Скрипнув зубами, ухожу на кухню мутить яичницу для нас двоих. После секундной паники – а вдруг яиц нет?! – нахожу все ингредиенты, обжариваю на сковородке тост, растапливаю кусок сливочного масла, готовлю себе кофе… Яиц мало, и я решаю, что оставлю три для Лили, сам же удовлетворюсь тостом с сыром… Думаю, моя пленница оценит аппетитный завтрак в постель, который я внесу в ее спальню, как только приеду, отвезя дочь в детский сад…
На мгновение я замираю, вслушиваясь в эту мысль.
Дочь. У меня есть дочь. Очаровательная, смышленая малютка, которая уже вертит мной, как хочет. И в душе что-то колет – боль, понимаю я. Боль от того, что все так получилось… Что я не досмотрел тогда, не додумал, не дооценил ситуацию и ее последствия…
Но ведь Лиля была так молода, такая шальная… Бурная, как горная речка… Настоящая оторва – оправдываю себя. Кто бы мог подумать, что из нее получится такая замечательная мать? Что ей вообще придет в голову рожать, бросив учебу и меня?!
Весь в воспоминаниях и оправданиях, я снимаю турку с огня, наливаю ароматный кофе в чашку и снова замираю – в соседней комнате тихо. Слишком тихо. Даже телевизор не работает.
– Что за… – вспомнив откуда-то подслушанную фразу про то, что если ребенок затих – это не к добру, я отставляю чашку в сторону, так и не успев отхлебнуть из нее, и быстрым шагом направляюсь туда, где тихо быть никак не должно.
Вид, который открывается мне, напугал бы любого взрослого человека, не то, что отца.
Забравшись на стул, который она отодвинула от стола, Маша тянется к стоящей на самой верхней полке серванта стеклянной вазочке, наполненной конфетами. И это еще не самое страшное! Самое страшное заключается в том, что, пытаясь стать выше, она наступает ножкой на перекладину стула и заставляет его качнуться в бок. И, как раз в ту самую секунду, как я захожу в комнату, Машенька уже падает – с ни обо что не опертого высокого стула.
– Стой! – бессмысленно ору я стулу, пытаясь заморозить его силой мысли. Не выходит. Словно в замедленном кадре кошмарного сна, стул продолжает падать.

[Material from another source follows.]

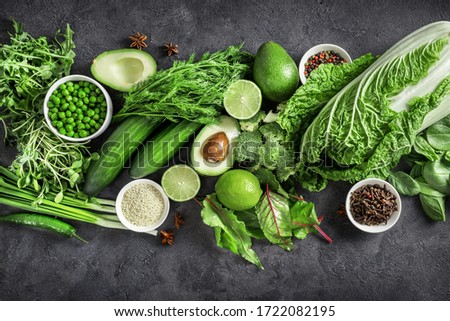 Top view of healthy organic food: green vegetables, seeds and herbs on dark background. Source of protein for vegetarians. Royalty-Free Stock Photo #1722082195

Тогда, на одних инстинктах, я бросаюсь вперед и вниз, проскальзывая на плитке спиной… успеваю принять на себя падающего ребенка и, проскальзывая дальше, со всего врезаюсь головой в батарею под окном – да так, что в глазах темнеет, а потом явственно начинают прыгать искры.
От ослепляющей боли в затылке хочется выть, но надо держать лицо, потому что Машенька и так напугана… А через секунду, когда ко мне возвращается зрение, я понимаю, что надо держать лицо и по другой причине.
В моем банном халате и откуда-то взятых пушистых, серых тапках, надо мной стоит Лиля, флегматично оглядывая сцену разгрома.
– Развлекаешься? – равнодушно спрашивает она, прислоняясь к стене и отхлебывая из моей же чашки кофе.
Я аккуратно кладу свою раненную голову на пол и закрываю глаза, чтобы хоть так не присутствовать при этом позоре. Просить о помощи я не привык, но тут реально хочется.
Разумеется, я не смел надеяться, что после всего, что между с нами было, Лиля бросится ко мне, поможет подняться, перевяжет голову, пожалеет и приголубит… Но и того, что она просто заберет у меня Машу и вместе с ней, даже не поворачиваясь, всё с тем же равнодушным видом удалится на кухню, я тоже не ожидал.